Using the records below, copy exactly the part that opens with the line holding "Courbe de l'humidit" and closes with the line holding "Female Age Height", minus the pictures.

__SUPPLIED INFORMATION__.
---*---
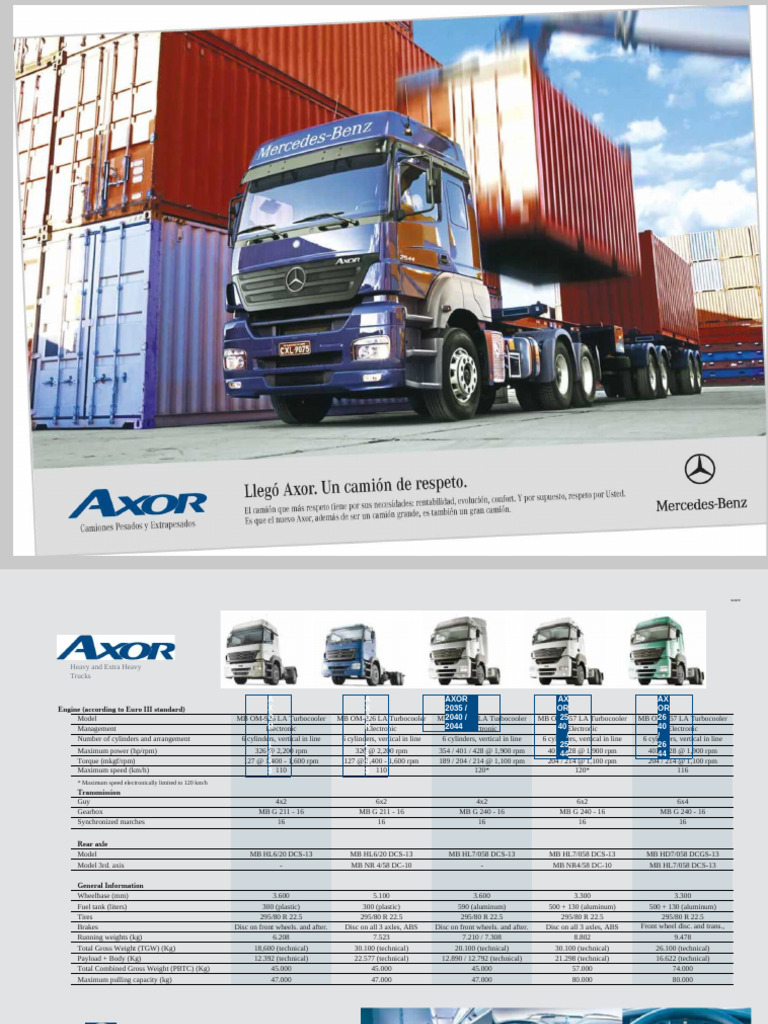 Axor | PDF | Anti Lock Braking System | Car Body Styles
---*---
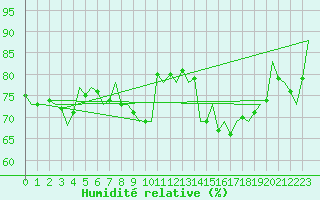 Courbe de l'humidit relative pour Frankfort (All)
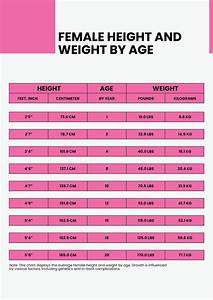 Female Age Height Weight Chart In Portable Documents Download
---*---
__SOLVED PROBLEM__.
 Courbe de l'humidit relative pour Frankfort (All)
 Female Age Height Weight Chart In Portable Documents Download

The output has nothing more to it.